1.3. This test method applies to soils mixtures that have 40 percent or less retained on the 4.75-mm
(No. 4) sieve, when Method A or B is ud and 30 percent or less retained on the 19.0-mm (3/4-in.)
sieve, when Method C or D is ud. The material retained on the sieves shall be defined as
oversize particles (coar particles).
1.4. If the test specimen contains oversize particles, and the test specimen ud for field density
compaction control, corrections must be made according to T 224 to compare the total field
density with the compacted specimen. The person or agency specifying this method shall specify a
minimum percentage of oversize particles below which correction for oversize need not be
applied. If no minimum percentage is specified, correction shall be applied to samples with more
than 5 percent by mass of oversize particles.
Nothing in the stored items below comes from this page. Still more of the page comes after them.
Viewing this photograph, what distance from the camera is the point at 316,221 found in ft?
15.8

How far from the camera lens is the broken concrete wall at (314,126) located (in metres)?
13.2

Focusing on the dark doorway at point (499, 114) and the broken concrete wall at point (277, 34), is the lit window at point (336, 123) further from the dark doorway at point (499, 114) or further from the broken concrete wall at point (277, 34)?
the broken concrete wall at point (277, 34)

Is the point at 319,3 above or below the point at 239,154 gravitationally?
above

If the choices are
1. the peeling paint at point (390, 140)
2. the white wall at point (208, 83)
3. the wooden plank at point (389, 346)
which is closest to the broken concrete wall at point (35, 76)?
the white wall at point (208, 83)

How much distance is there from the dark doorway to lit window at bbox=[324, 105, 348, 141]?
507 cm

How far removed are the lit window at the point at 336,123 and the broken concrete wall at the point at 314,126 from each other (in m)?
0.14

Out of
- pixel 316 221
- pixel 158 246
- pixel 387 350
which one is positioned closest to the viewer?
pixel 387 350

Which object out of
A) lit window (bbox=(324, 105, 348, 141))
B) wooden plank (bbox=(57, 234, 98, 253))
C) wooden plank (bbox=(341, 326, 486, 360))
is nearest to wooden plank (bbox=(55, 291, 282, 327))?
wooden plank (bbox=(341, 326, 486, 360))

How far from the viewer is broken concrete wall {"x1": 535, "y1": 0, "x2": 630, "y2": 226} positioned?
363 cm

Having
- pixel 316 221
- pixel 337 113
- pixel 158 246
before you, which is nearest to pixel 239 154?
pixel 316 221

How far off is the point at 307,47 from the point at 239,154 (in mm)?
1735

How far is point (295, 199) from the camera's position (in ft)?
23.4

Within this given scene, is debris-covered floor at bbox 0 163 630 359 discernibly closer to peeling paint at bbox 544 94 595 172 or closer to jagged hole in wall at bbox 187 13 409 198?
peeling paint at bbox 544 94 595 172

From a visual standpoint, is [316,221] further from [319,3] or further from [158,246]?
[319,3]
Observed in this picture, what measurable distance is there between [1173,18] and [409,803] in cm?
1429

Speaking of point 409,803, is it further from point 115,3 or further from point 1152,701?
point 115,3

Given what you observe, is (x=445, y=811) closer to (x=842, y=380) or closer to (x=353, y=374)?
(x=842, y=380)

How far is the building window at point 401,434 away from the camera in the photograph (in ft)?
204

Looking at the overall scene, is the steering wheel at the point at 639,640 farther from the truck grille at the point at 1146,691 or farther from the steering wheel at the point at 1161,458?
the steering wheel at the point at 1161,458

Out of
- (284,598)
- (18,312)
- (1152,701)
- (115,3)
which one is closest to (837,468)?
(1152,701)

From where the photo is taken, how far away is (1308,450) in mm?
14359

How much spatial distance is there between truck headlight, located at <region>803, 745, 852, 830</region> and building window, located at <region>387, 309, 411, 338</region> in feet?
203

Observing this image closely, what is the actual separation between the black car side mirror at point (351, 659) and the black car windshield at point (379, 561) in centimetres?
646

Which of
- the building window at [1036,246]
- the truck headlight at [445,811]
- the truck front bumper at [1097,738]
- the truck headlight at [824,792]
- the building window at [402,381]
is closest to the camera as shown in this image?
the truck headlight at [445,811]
1.5. If the specified oversized maximum tolerances are exceeded, other methods of compaction control
must be ud.
Note 1—One method for the design and control of the compaction of such soils is to u a test fill
to determine the required degree of compaction and a method to obtain that compaction. Then u
a method specification to control the compaction by specifying the type and size of compaction
equipment, the lift thickness and the number of pass.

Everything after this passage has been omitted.